I think Jay makes a good point (yeah, I know it's the opposite of what I said yesterday :mrgreen: ) Getting the theme would be so cool as a credit, more so than the money. I'd be tempted to bring someone in and give them a piece of the song. But then again, I've had zero success bringing in lyricists on any TV stuff I've done, so I don't know.

Just rambling, but I guess my main point is screw the money or full ownership if that hinders you in the slightest from making your best pitch.


----------



## kid-surf (Dec 9, 2006)

Jay -- good point. Options. I'll definitely consider that. Thanks!


Mike -- yep, best pitch is the most important thing. Agreed.

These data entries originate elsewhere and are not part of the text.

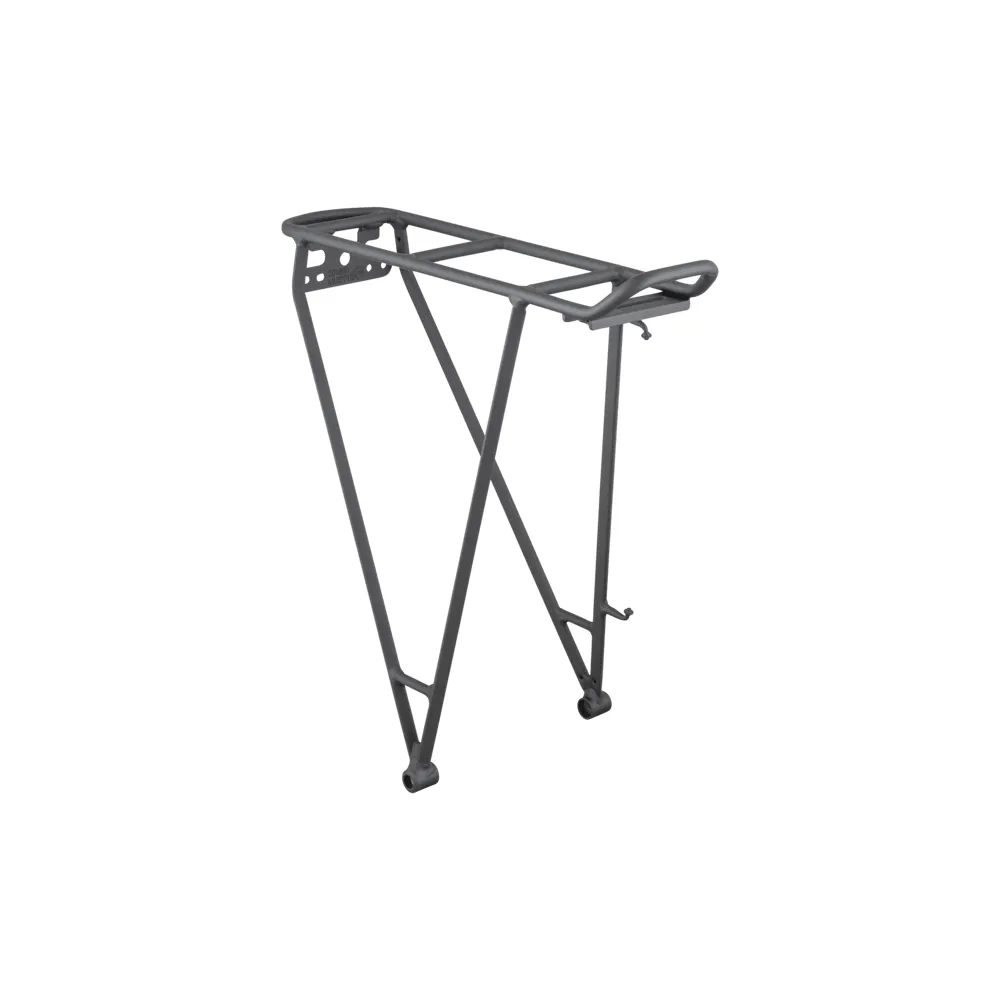 uPRISE Bikes Trek Lightweight 700c Rear Rack - Black | Price match, 365 day return s, 18-Month Warranty, Finance Available & Free UK Delivery
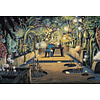 Открытки на английском языке "Studio Ghibli. 100 Collectible Postcards Vol. 2" - 3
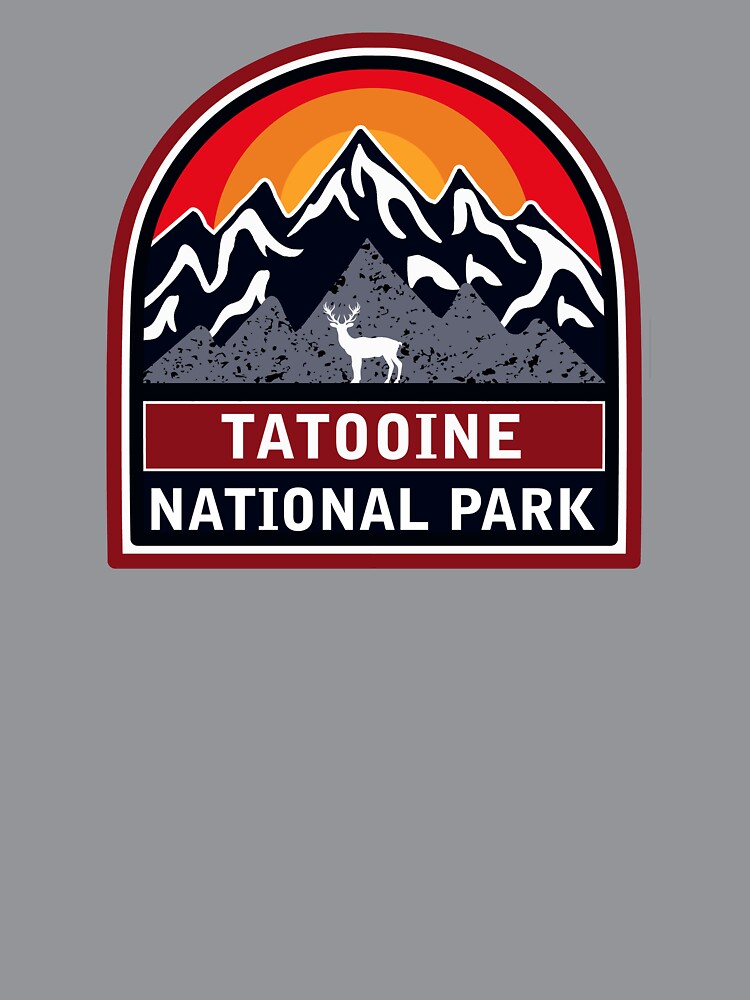 Tatooine National Park by Nature-Book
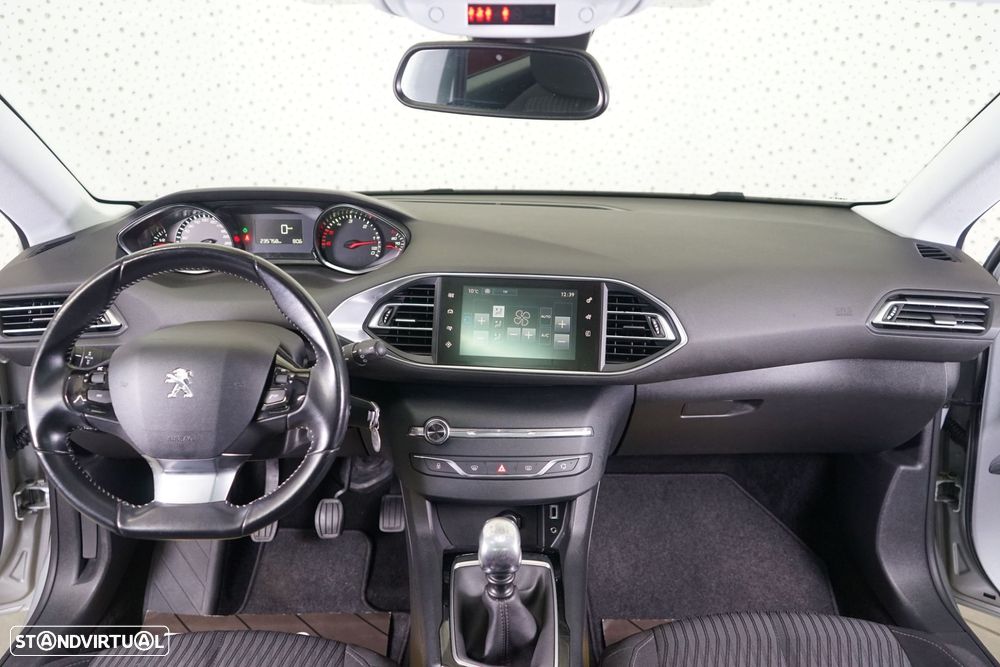 Peugeot 308 SW 1.6 BlueHDi Allure - 17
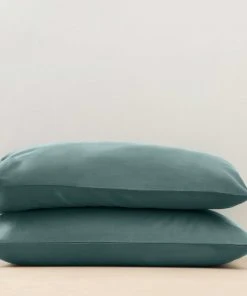 Looma Home Goods Sateen Pillowcase Set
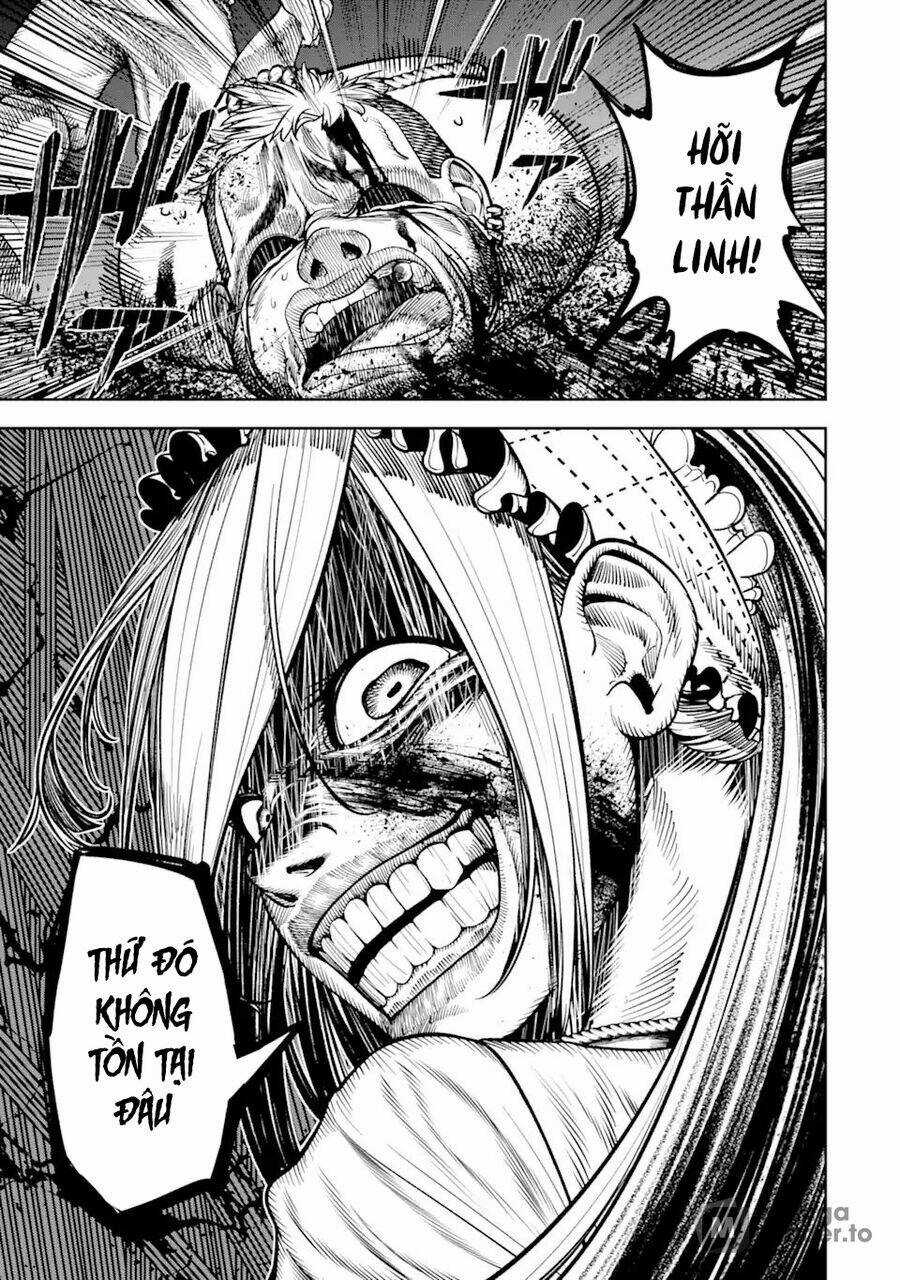 Blood-Crawling Princess Of A Ruined Country Chapter 1 trang 70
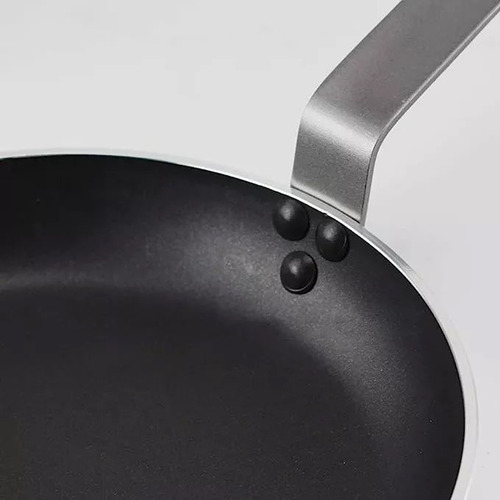 Sartén Alumin Fondo Inducción 32cm Hercules Pujadas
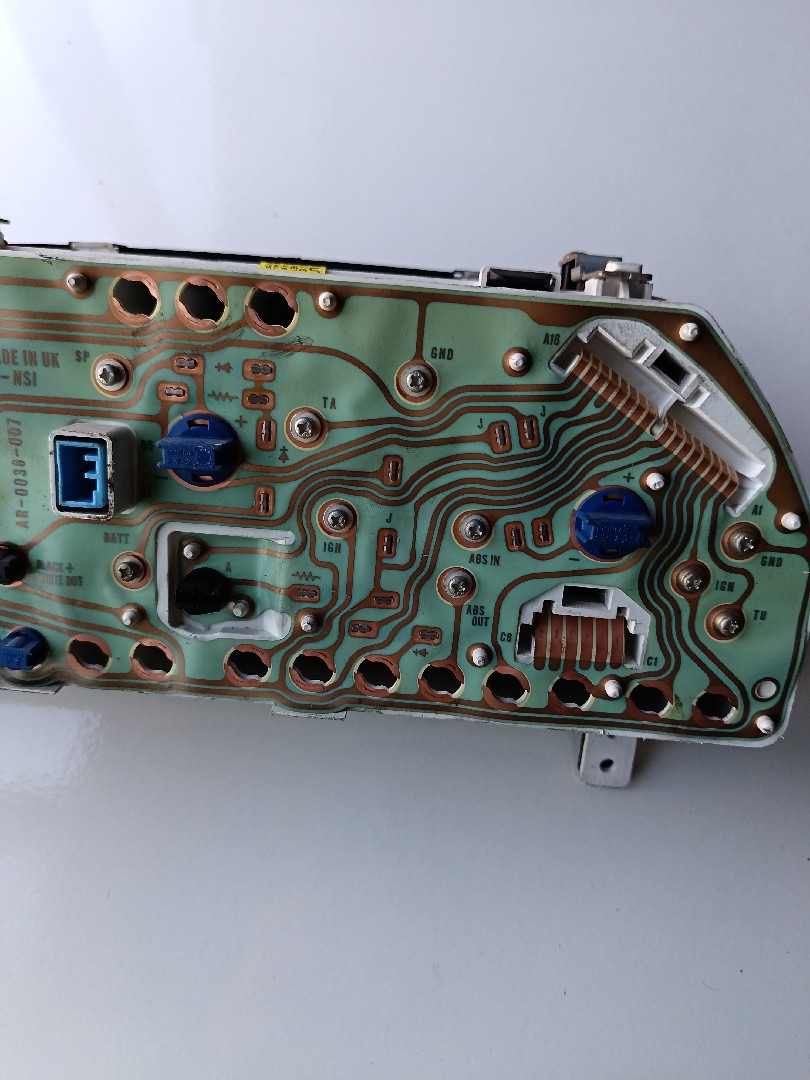 Quadrante / painel de instrumentos ROVER 25 (RF) Imagem-2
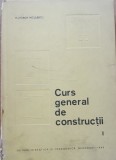 Curs General de Constructii Vol. 1 - Plutarch Niculescu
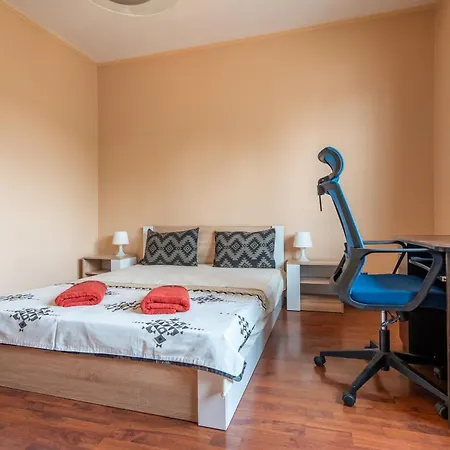 Apartamento 2bdr Retro Coziness Sofía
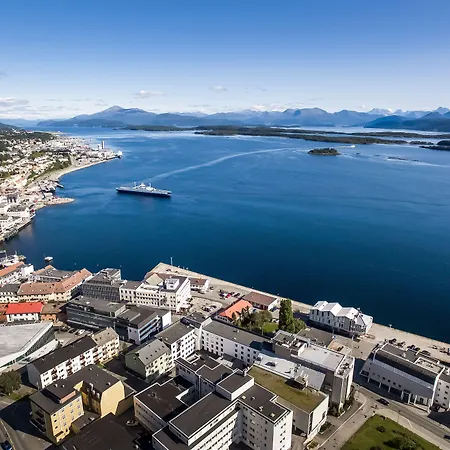 Scandic Alexandra 호텔 몰데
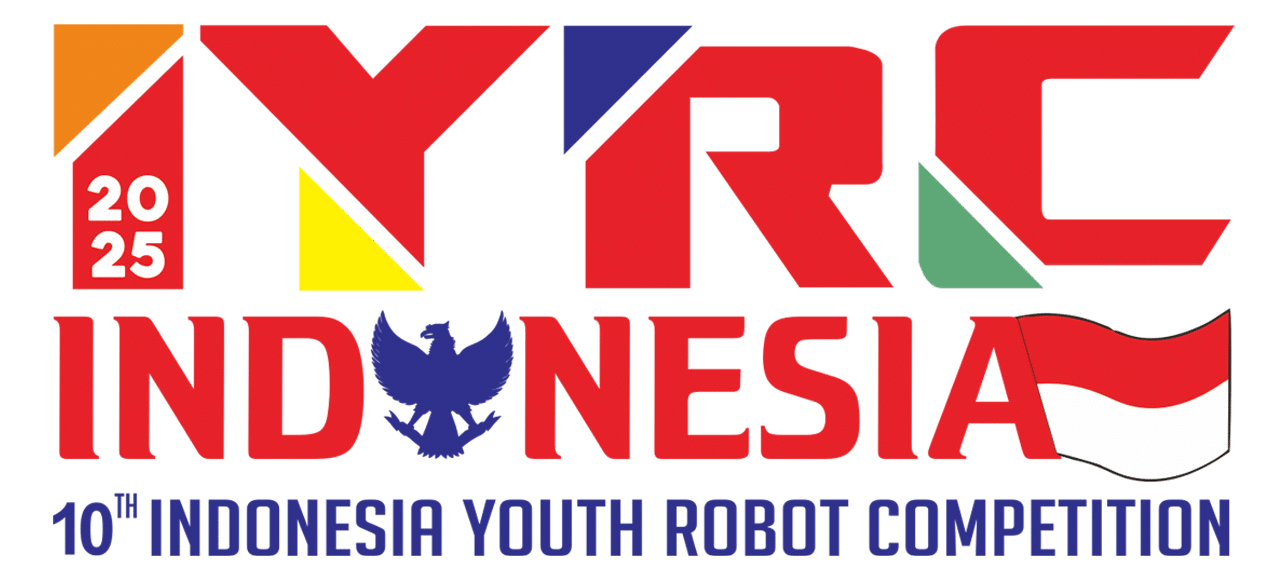 IYRC INDONESIA 2025 Logo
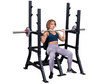 Body-Solid SOSB250 Pro Clubline Olympic Shoulder Press Bench (New)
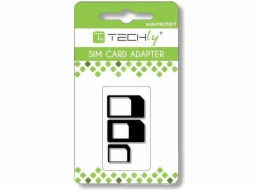 Adapter karty SIM (nano, micro) + kluczyk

Kays -- In band music I do listen to the lyrics but I don't like lyrics that are literal, which is why I like bands like Radiohead.  In that style of music (band music) I'm more interested in writing a good piece of music, a good melody line for the vocal, and lyrics that are more poetic but are phonetically interesting--as opposed to sounding awkward rolling off the tongue.

That's what I like in the bands I listen to as well. In other words, a cool song is a cool song. 


But.... I feel writing for a TV theme in mind is a different approach. Far less "artistic" in a sense. More so about selling the character/show, so it needs to be fairly literal. But not so much so that it doesn't sound "cool/hip/fresh/authentic".


Aside from that --- there are some music listeners out there that judge the value of a song based almost entirely on the lyrical content alone. As friggn weird as that is to me. My buddy's wife is that way. Not sure she's able to 'feel' music otherwise. Which is hard for me to imagine--being more attached to the lyrical content than the actual melody.


----------